At Newsbrane internally we use Git to manage our repository, Python for much of our Web code, and Django as our framework. I just had an interesting time diagnosing a problem which I thought I would share.
Git is a well-known revision control system. I'm not going to go into it much save to say that it lets you edit the history of your changes to the code, as long as you haven't shared those changes with anyone. Normally when you're working with Git you make a bunch of changes and then when you want to share them, you merge your changes with anything that's changed the last time you synced up. Doing this in Git requires making a 'merge commit'.
At Newsbrane, we prefer not to make merge commits when they're not really needed -- we pretend that most small changes to the code happen linearly, one change after the other. This reduces clutter in the log and makes it easier to examine the history. But in order to do this, when you sync up with the repository, you have to perform a 'rebase' -- edit the history so that your changes seem to have been applied after the other guy's changes instead of in parallel. So while most people don't have much use for editing the history, we make the rebasing process a common part of our development cycle. The way rebasing works is that it generates the diff of the actual changes you made and 'replays' them atop the other guy's changes, one by one.

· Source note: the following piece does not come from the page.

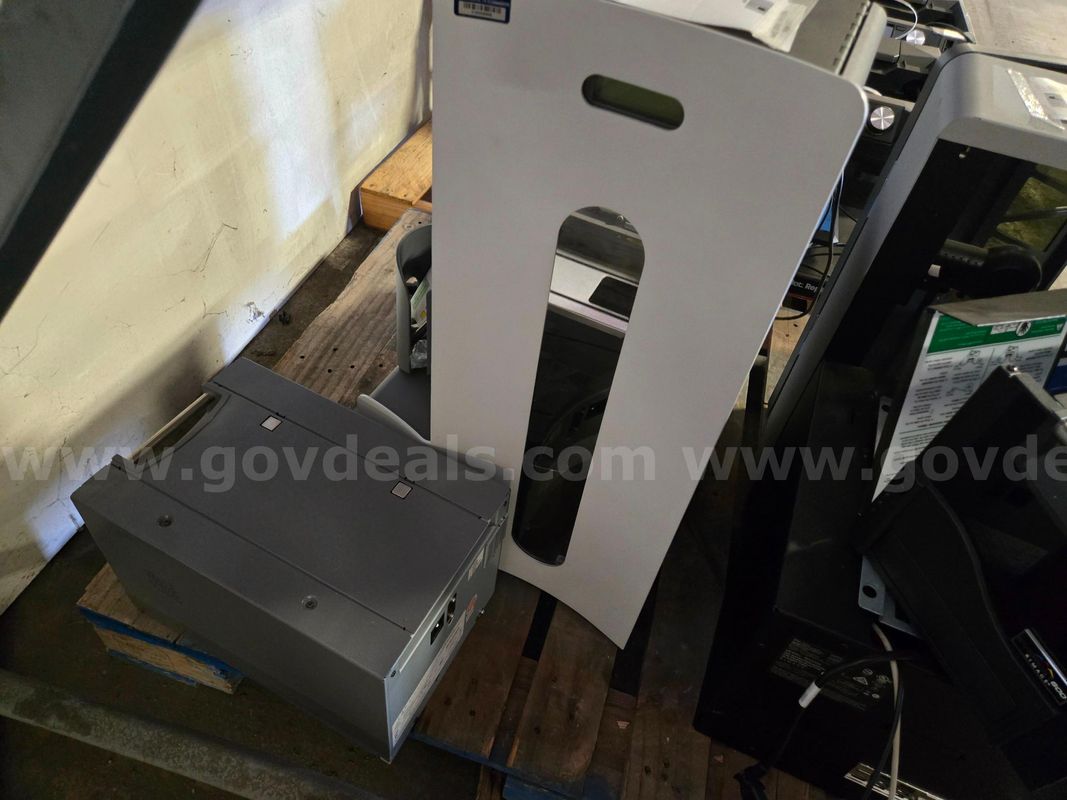 Rimage 8100n W/Everest Printer94dvd/Cd Drives)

Anyway, I had just tested and committed a local change and intended to share it with the company's repository. I downloaded the code, noticed that there had been a remote change, so I rebased against it. Since this rebasing process is a bit fragile, the best practice is to test your code before pushing to ensure that the rebase didn't screw anything up. I tested the code, and it was broken. Oops! The rebase screwed up? I started looking at the backtrace. I stared it it for about 5 minutes and I just couldn't believe that that line of code could fail. Not in the way that it did. So I went looking elsewhere.
Maybe my testing failed. Django, the Python web framework we use, has a development server which lets me test my changes locally without having to publish them. The development server has a nice feature where it reloads the code when you change the source, so you don't have to explicitly restart it. Thus I generally leave it running all the time. In this case, it was running when I tried to test the code, and so I had an idea: "oh, the rebase confused it somehow, I'll restart it".

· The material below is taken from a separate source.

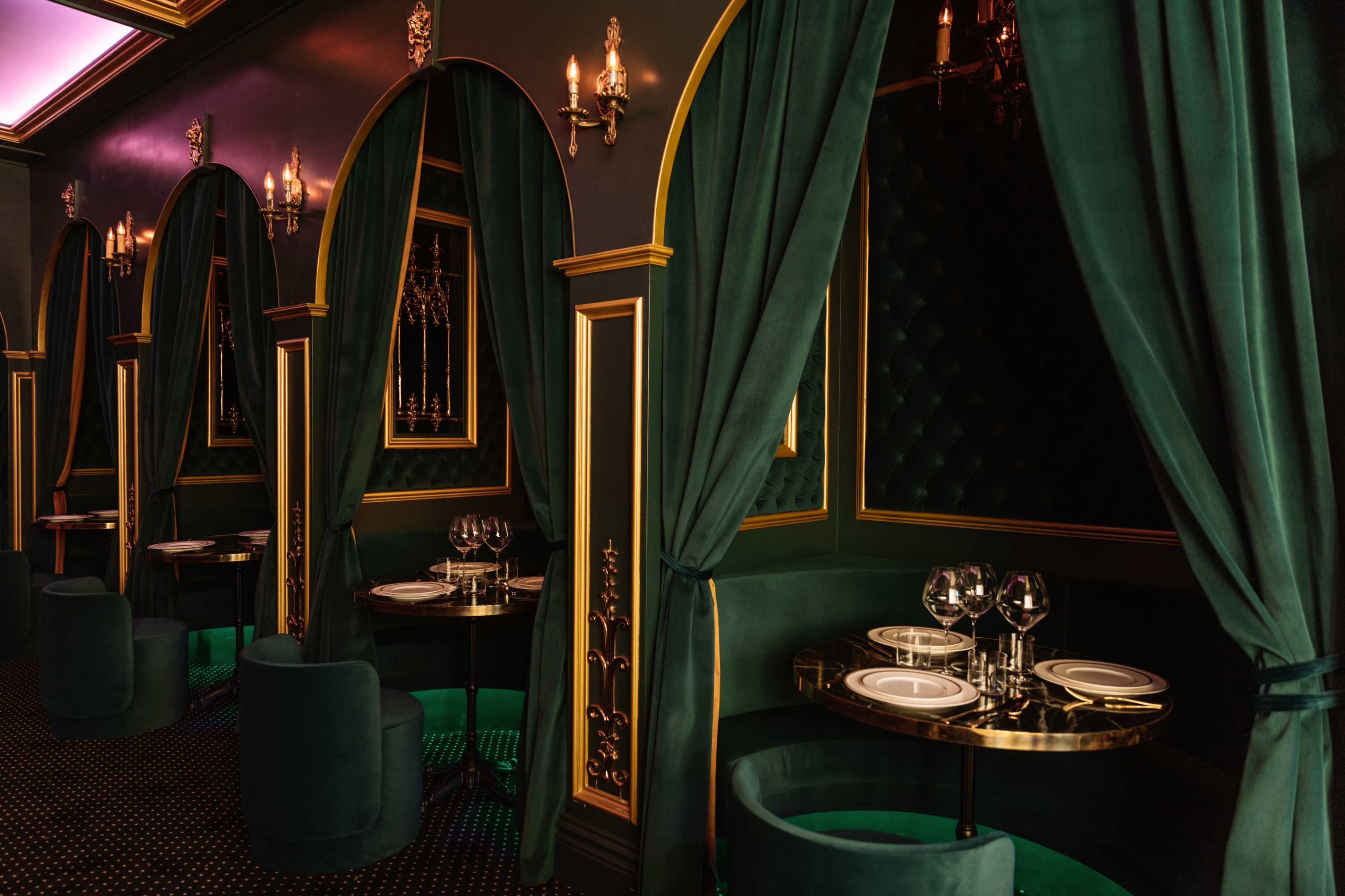 Parisian Luxury Restaurant and Bar In The Heart of Sunset Boulevard Image in Central LA, Los Angeles, CA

Well, restarting the dev server didn't fix the problem. Okay, so what's wrong? Based on the error, it seemed like this one file wasn't properly updated after the rebase. But I checked the source and the file was fine. Some weird operator precedence error? I looked at the backtrace again. Impossible. Check 'git status' -- if anything is different in my source code from the committed version, it'll let me know. But nothing is different. Pull my hair out, walk away from the computer.
Is the operating system's buffer cache becoming corrupted due to the interaction between 'git rebase' and the devserver? Seems very far-fetched; the operating system isn't that fragile. I'm thinking about every layer between my monitor and the disk. There's caching everywhere... surely one of these caching layers is responsible?
Programming language. Python. Python "compiles" its modules to *.pyc (bytecode) files when you load them. It doesn't compile them every time, or there would be no need for pyc files at all (it would just keep them in memory). But it has to compile them if you changed the source. Wait! Does it really?
How does Python actually determine whether you've changed the source since the last time it compiled it? It uses the date. If the date recorded in the compiled file doesn't match exactly the operating system's date of the source, it will recompile the file.
OK, now I understand what happened: we saw a race condition between the rebase and the development server. The devserver watches for changes in the files (I still have no idea how it does this), and rebase updates them quickly. As part of its operation, the rebase must update the working copy files in place for each change that it is applying. The devserver noticed the mid-rebase update (with the old version of the source), reloaded the code, causing Python to compile the module. Right after it started to reload the code, the rebaser applied my change and wrote the new Python source file out -- in the same second that it had written the previous, unchanged source file. Once the devserver finished loading the module, the .pyc for the old source is written to disk, with the modification time of the old source file (same as that of the new source file), tricking Python: Python has no way to know to recompile the source file.
So there you have it. A rare race. Who to blame? I don't think I can really blame the development server. It didn't do anything especially unexpected -- it was really the victim. Maybe we can blame it for trying to read the working copy directory while Git was writing to it. Should we blame Git? Perhaps: I can't think why it should need to write to the working copy during a rebase until it's done or finds a conflict, but maybe the developers were lazy and this was the easiest way to implement it.
But I would actually like to blame Python, which uses a fragile caching strategy for module recompilation. Modification time, especially with such a coarse (1 second) granularity, shouldn't be the only shootdown criterion for any type of cache, because sometimes lots of stuff can happen in 1 second.
Anyway, to solve the problem, I just used the UNIX command 'touch' on the Python source file (which just updates its modification time) and it started working. Like magic. Exciting, isn't it?